____ Recorded information
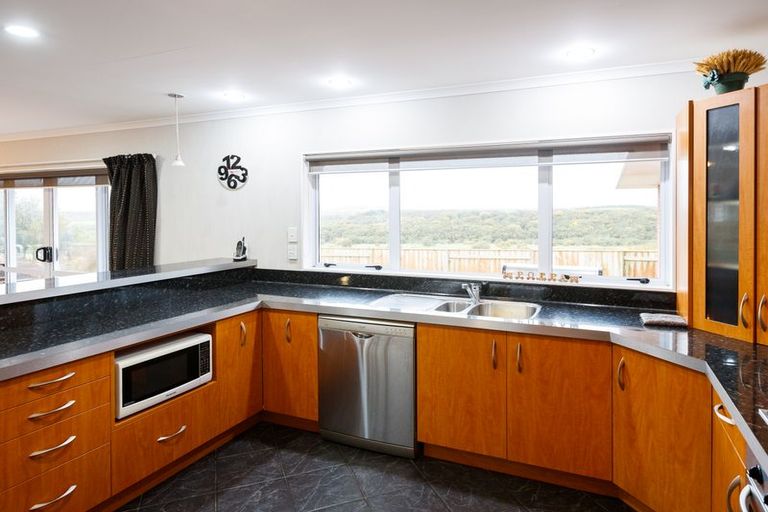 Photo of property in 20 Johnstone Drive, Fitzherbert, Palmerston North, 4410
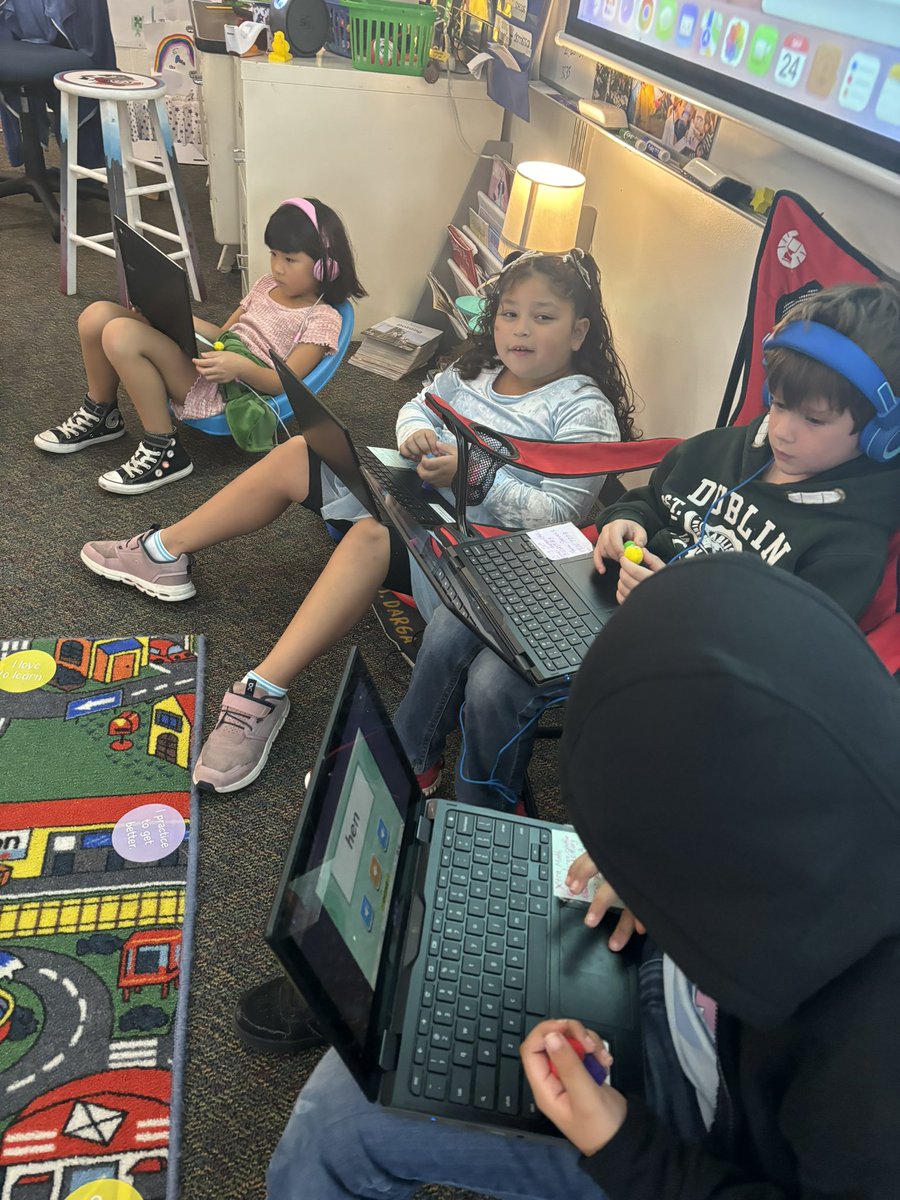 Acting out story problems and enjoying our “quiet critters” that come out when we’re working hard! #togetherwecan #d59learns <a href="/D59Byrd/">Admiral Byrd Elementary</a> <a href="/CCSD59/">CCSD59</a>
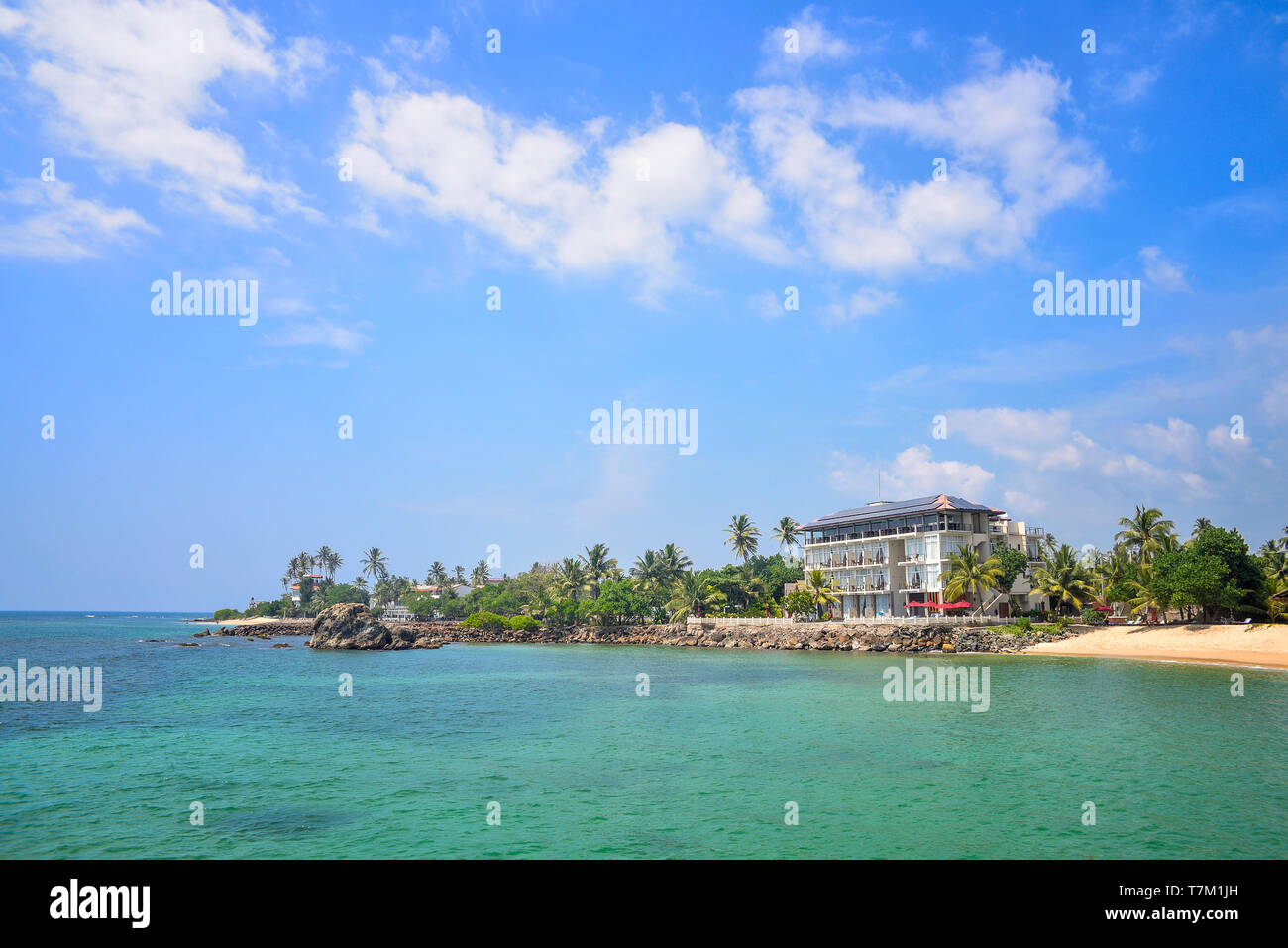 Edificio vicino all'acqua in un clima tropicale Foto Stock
________
### Problem requirements
Every line of the listing is to be repeated exactly, and the pictures are to be dropped.

### Answer to this exercise
 Photo of property in 20 Johnstone Drive, Fitzherbert, Palmerston North, 4410
 Acting out story problems and enjoying our “quiet critters” that come out when we’re working hard! #togetherwecan #d59learns <a href="/D59Byrd/">Admiral Byrd Elementary</a> <a href="/CCSD59/">CCSD59</a>
 Edificio vicino all'acqua in un clima tropicale Foto Stock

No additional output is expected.